The 2018 midterm elections were the most expensive in history, and much of the money that financed them was undisclosed, or “dark.” There has always been big money in elections, of course, and some of it has always been dark. In the first Gilded Age, all campaign contributions were made in secret. The presence of big and dark money in today’s elections, however, is not a continuation of old practices; it came about as a result of recent court decisions.
Congress tried to curb big money at the tail end of the Gilded Age: it banned corporate money from elections in 1907 and brought campaign money into the light by passing the first disclosure law in 1910. Big donors and politicians opposed the reforms but complied with them once they passed.
Presidential campaign committees began filing disclosure reports in 1912, and have been doing so ever since. Those reports reveal that disclosure caused another change: big donors immediately began writing much smaller checks. It is likely that some checks were still illegally laundered corporate contributions, but at least they were smaller. Apparently, billionaires and corporations both thought it was not a good idea to flaunt their wealth in public.
The one percenters of the first Gilded Age might not have liked the new law, but they raised no ideological or constitutional objections. They adapted, grudgingly, to the new norms of a more open democracy. And big donors continued to write smaller checks into the 1960s — an impressive record for a law with no formal enforcement mechanism.

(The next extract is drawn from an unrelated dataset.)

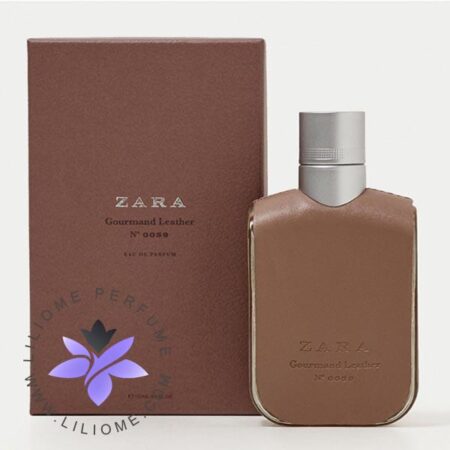 zara gourmand leather price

But in 1968, twenty of Richard Nixon’s fundraising committees failed to file disclosure reports, and Nixon’s Justice Department didn’t prosecute them. In 1972, President Nixon solicited illegal corporate contributions and failed to report dozens of individual gifts that were the largest in half a century. These were the first large-scale violations of the disclosure law.
The resulting Watergate scandal spurred Congress to pass more comprehensive reforms. This time, though, they did meet with ideological and constitutional objections. Conservatives could not defeat the reforms in Congress, but in 1976, they challenged them before a Supreme Court that had taken a right turn under Nixon.
They based their challenge on a radical theory of the First Amendment: that political money is tantamount to political speech and has the same constitutional protection. They did not oppose disclosure, but they did oppose limits on contributions and expenditures.
The justices accepted the conservatives’ First Amendment theory, but still upheld limits on contributions to candidates and PACs. Contributions were only second-hand speech, they said, and so had less constitutional protection. But they struck down spending limits because spending was “pure speech” and had full constitutional protection. That included third-party spending on behalf of candidates — called independent expenditures because they are supposedly done without the candidates’ cooperation. This was the key victory in what the challengers triumphantly called the “wreckage” of the post-Watergate reforms.
It is through independent expenditures that contributions are getting bigger and darker today. That is because in 2010, the Court adopted an even more radical First Amendment theory. In Citizens United, it went against the 1907 law to hold that corporations have the same right as individuals to make independent expenditures.
It is through independent expenditures that contributions are getting bigger and darker today. That is because in 2010, the Court adopted an even more radical First Amendment theory.
Fortune 500 companies did not make such expenditures for fear of offending customers. But nonprofit corporations registered with the IRS as nonpolitical social welfare groups jumped at the chance. IRS rules let them make political expenditures as long as they spend most of their money on their nonpolitical goals. But there are ways around those rules, ways the IRS seems unable to block. And as non-political groups, they do not have to report the donors who finance their political spending. The IRS was immediately inundated with applications to form more such groups.
Just weeks after Citizens United, the District of Columbia circuit court struck down the limit on contributions made to independent-expenditure PACs — a law that had been in force for thirty-four years. This decision created the super PAC, which can take contributions of unlimited size to make unlimited independent expenditures.
But super PACs have to file disclosure reports. That was all right for the billionaires who now think it is a good idea to flaunt their wealth in public. And publicity-shy billionaires stayed in the dark by laundering their contributions to super PACs through the politically active social welfare groups unleashed by Citizens United.
The first Gilded Age was a time of great inequality and disruptive social and economic change. But it was also the beginning of the urban industrial economy, with labor unions and other countervailing forces, that was the foundation for twentieth-century democracy.
Now that old economy is crumbling. So is the old democracy and the campaign finance laws that were an essential part of it. Recently that crumbling has been accelerated as a matter of political policy. Dark money and super PACs are the results of the Supreme Court’s deliberate dismantling of campaign finance law. Today’s one-percenters are adapting to the norms of a democracy that is less open and more money-driven than at any time since the first Gilded Age.